Print the lines of the data, starting with the first, up to and including the line where "わかりあう対話10のルール (ちくま新書)" appears.
Segment Open
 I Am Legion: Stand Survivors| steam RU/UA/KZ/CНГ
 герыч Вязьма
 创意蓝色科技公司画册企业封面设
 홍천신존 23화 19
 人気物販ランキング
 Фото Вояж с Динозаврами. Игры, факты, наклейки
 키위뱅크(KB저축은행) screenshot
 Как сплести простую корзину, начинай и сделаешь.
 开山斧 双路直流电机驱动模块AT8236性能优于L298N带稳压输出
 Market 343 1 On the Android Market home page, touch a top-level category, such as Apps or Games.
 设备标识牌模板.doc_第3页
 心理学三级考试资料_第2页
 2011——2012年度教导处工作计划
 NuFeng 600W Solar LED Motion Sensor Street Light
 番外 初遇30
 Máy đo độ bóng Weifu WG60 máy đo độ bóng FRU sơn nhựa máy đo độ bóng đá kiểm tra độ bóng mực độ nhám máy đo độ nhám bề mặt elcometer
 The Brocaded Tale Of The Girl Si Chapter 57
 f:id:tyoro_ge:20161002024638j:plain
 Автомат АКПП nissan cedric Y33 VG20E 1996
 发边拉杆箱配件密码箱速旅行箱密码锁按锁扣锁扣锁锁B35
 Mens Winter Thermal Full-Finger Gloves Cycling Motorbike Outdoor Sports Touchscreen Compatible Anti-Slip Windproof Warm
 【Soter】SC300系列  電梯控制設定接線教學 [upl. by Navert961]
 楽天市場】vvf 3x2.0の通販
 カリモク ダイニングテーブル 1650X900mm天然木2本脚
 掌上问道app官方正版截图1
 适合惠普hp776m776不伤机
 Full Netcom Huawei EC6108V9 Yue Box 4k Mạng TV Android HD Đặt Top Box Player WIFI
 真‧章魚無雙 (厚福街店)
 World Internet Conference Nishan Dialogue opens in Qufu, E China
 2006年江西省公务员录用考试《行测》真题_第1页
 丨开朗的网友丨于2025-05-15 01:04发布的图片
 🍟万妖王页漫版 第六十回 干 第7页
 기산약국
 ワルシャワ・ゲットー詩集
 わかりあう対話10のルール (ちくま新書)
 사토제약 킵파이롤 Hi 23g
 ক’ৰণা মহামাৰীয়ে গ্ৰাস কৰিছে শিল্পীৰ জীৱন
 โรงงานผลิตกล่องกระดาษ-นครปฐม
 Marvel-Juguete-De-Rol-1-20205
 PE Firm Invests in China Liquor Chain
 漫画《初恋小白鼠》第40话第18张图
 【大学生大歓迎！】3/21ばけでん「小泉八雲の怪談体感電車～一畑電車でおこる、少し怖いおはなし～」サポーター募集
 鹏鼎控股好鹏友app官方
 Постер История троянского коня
Segment Closed
## [Answer box]
 I Am Legion: Stand Survivors| steam RU/UA/KZ/CНГ
 герыч Вязьма
 创意蓝色科技公司画册企业封面设
 홍천신존 23화 19
 人気物販ランキング
 Фото Вояж с Динозаврами. Игры, факты, наклейки
 키위뱅크(KB저축은행) screenshot
 Как сплести простую корзину, начинай и сделаешь.
 开山斧 双路直流电机驱动模块AT8236性能优于L298N带稳压输出
 Market 343 1 On the Android Market home page, touch a top-level category, such as Apps or Games.
 设备标识牌模板.doc_第3页
 心理学三级考试资料_第2页
 2011——2012年度教导处工作计划
 NuFeng 600W Solar LED Motion Sensor Street Light
 番外 初遇30
 Máy đo độ bóng Weifu WG60 máy đo độ bóng FRU sơn nhựa máy đo độ bóng đá kiểm tra độ bóng mực độ nhám máy đo độ nhám bề mặt elcometer
 The Brocaded Tale Of The Girl Si Chapter 57
 f:id:tyoro_ge:20161002024638j:plain
 Автомат АКПП nissan cedric Y33 VG20E 1996
 发边拉杆箱配件密码箱速旅行箱密码锁按锁扣锁扣锁锁B35
 Mens Winter Thermal Full-Finger Gloves Cycling Motorbike Outdoor Sports Touchscreen Compatible Anti-Slip Windproof Warm
 【Soter】SC300系列  電梯控制設定接線教學 [upl. by Navert961]
 楽天市場】vvf 3x2.0の通販
 カリモク ダイニングテーブル 1650X900mm天然木2本脚
 掌上问道app官方正版截图1
 适合惠普hp776m776不伤机
 Full Netcom Huawei EC6108V9 Yue Box 4k Mạng TV Android HD Đặt Top Box Player WIFI
 真‧章魚無雙 (厚福街店)
 World Internet Conference Nishan Dialogue opens in Qufu, E China
 2006年江西省公务员录用考试《行测》真题_第1页
 丨开朗的网友丨于2025-05-15 01:04发布的图片
 🍟万妖王页漫版 第六十回 干 第7页
 기산약국
 ワルシャワ・ゲットー詩集
 わかりあう対話10のルール (ちくま新書)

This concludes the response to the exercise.